I laughed. “God, Kayla! Chill, okay? I’m fine with it; and it was a great night. Yes, I’ll admit that I was still mostly feeling like Mike-inside-of-Lisa, but that was the first night–really important, this–the first night that I relaxed and enjoyed myself as a girl. So, back to what you were saying, you and Julia weren’t hanging out all along?”

“No. Thought you knew that,” she shrugged. “But you were always focused on the music, and Julia, and the music you wrote because of Julia …” She frowned. “And then you were kind of …unfocused.”

I nodded grimly. “Kayla, you know that Julia had been feeding me female hormones since, well, since we first moved in together.”

“I thought …Huh,” she said to herself. “I thought it was once we were on the road. But, yeah, it would have to have been longer. That far back? Huh!” she said again, nodding to herself.

“And here’s what you don’t know.” I told her about Ted’s revelation about the ‘extra ingredient’ in the pills, making me passive, submissive.

It took me awhile to calm Kayla down. She was outraged, and I loved her for it, because she was outraged on my behalf, not out of a guilty conscience. Outraged at the cruelty of it, the calculated evil of it, and said several things about Julia that weren’t proper in a Ladies Lounge.

On the other hand, it might not have been the first time such words had been spoken in there!

Afterwards, both of us healed and cleansed, we hugged and truly wished each other the best in our lives and then returned to our men.

***

After my fantastic talk with Kayla, I did some further research. When I’d left the band, I’d been in such agony that I avoided the merest mention of All The Rage. I’d avoided all media on the off-chance there’d be something about them. So until recently, I’d never learned what had happened to All The Rage when Juan totally took over …

The day that I dropped the tambourine and walked out of the studio was the beginning of the end for Robert and Kayla. A few months later, Robert left in disgust as Juan’s steamroller continued. He’d made as much money as he could for his family, but I think the method of making the money–as a puppet for Juan–soured him enough to quit. Plus, by moving into session work, he could be closer to his family and especially his sister, to be with her in the time she had left. I’d like to think that somewhere in his list of complaints there was something about me. But as I’d told Kayla, I truly wished him well but doubted we’d ever see each other.

It had taken Kayla longer to quit for two reasons. I got some of the information from her, and some from industry articles. First, she wasn’t a threat to anybody–she didn’t snipe at Juan the way Robert had taken to doing openly after I’d left–and because she’d made the decision to find another group, but to ride All The Rage as long as it was working and keeping her visible in the industry. She had put her heart and soul into the band right from the start, but already it had become just a vehicle for making money by the time I was kicked out.
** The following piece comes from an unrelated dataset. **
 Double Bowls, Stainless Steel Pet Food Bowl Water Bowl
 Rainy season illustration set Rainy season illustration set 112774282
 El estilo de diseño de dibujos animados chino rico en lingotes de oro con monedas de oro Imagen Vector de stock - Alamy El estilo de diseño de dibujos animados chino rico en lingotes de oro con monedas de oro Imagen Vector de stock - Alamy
And as I knew from our ‘girls night out’ in NYC, Kayla enjoyed the high life but rarely lived it. So she lived frugally on the road, kept her head down, stayed out of Juan’s way, and listened to demos until she found the band to jump to–which led her to her Grammy.

I wondered what music reporters would make of the All The Rage story, or one of those behind-the-scenes VH1 specials. Stage 1: Obscurity to Big Break. Stage 2: International touring. Stage 3: The Mike-becomes-Lisa episode. Stage 4: The Juan Band, still called All The Rage, now with Jeanne. Stage 5: The Juan Band with only Julia from All The Rage. Stage 6: The Juan band with session players. And finally, Stage 7, whatever happened to All The Rage?

With my departure from All The Rage, Juan was totally in the drivers’ seat. He managed two things. The first was that he managed to alienate the people he needed. Robert quit and was replaced. The band remained media darlings. While they didn’t headline every arena, they were at every major festival. Everybody loved them. Then Kayla managed to find her Tulsa boys to join, and was replaced.

All The Rage continued, with only Julia remaining of the original group. And then, out of the blue, Julia found out that–according to Juan–she couldn’t play as well as the band needed; she didn’t sing as well as the band needed; she wasn’t as sexy as the band needed …

Juan brought in a keyboard-player, a very accomplished session player, who signed a short-term contract. And Julia was relegated to the Linda McCartney position of playing a note here, a note there.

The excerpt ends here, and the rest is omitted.